Now we can train our tokenizer on the text files containing our vocabulary, we need to specify the vocabulary size, the min frequency for a token to be included and the special tokens. We choose a vocab size of 8,192 and a min frequency of 2 (you can tune this value depending on your max vocabulary size). 

The special tokens depends on the model, for RoBERTa we include a short list: 
- \<s> or BOS, beginning Of Sentence
- \</s> or EOS, End Of Sentence
- \<pad> the padding token
- \<unk> the unknown token
- \<mask> the masking token.

In [29]:
# %%time 
# paths = [str(x) for x in Path(".").glob("text_split/*.txt")]

# # Initialize a tokenizer
# tokenizer = ByteLevelBPETokenizer(lowercase=True)

# # Customize training
# tokenizer.train(files=paths, vocab_size=50265, min_frequency=2,
#                 show_progress=True,
#                 special_tokens=[
#                                 "<s>",
#                                 "<pad>",
#                                 "</s>",
#                                 "<unk>",
#                                 "<mask>",
# ])

In [30]:
# tokenizer

The count of samples is small and the tokenizer trains very fast.
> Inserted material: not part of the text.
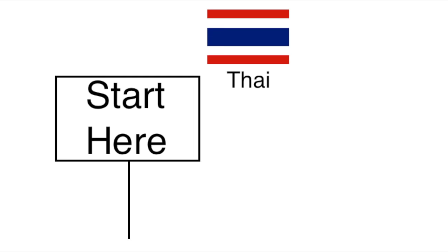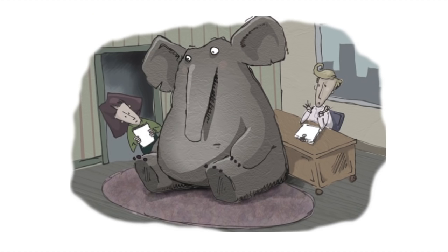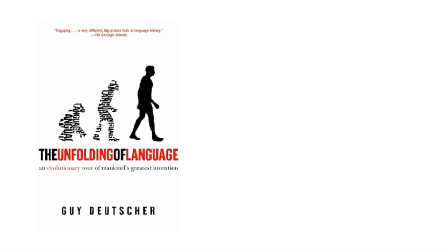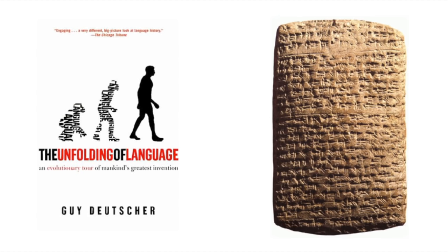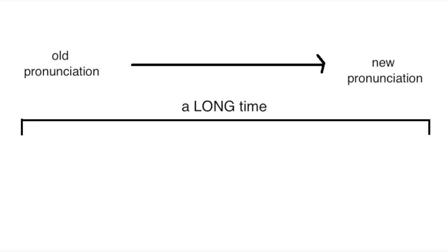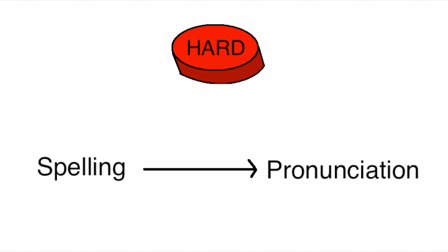Because by far the biggest reason Thai is so complicated is number four: Thai has changed a lot over the past 700 years. All languages change over time, but much of the time the way we write them down doesn't. Because of this, in general, the longer it's been since the last time a language had major spelling reforms, and the more the pronunciations changed since then, the harder it becomes to tell how something is pronounced based on how it's written and vice versa.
Now we can save the tokenizer to disk, later we will use it to train the language model:

In [31]:
# #Save the Tokenizer to disk
# tokenizer.save_model(tokenizer_folder)

We now have both a `vocab.json`, which is a list of the most frequent tokens ranked by frequency and it is used to convert tokens to IDs, and a `merges.txt` file that maps texts to tokens.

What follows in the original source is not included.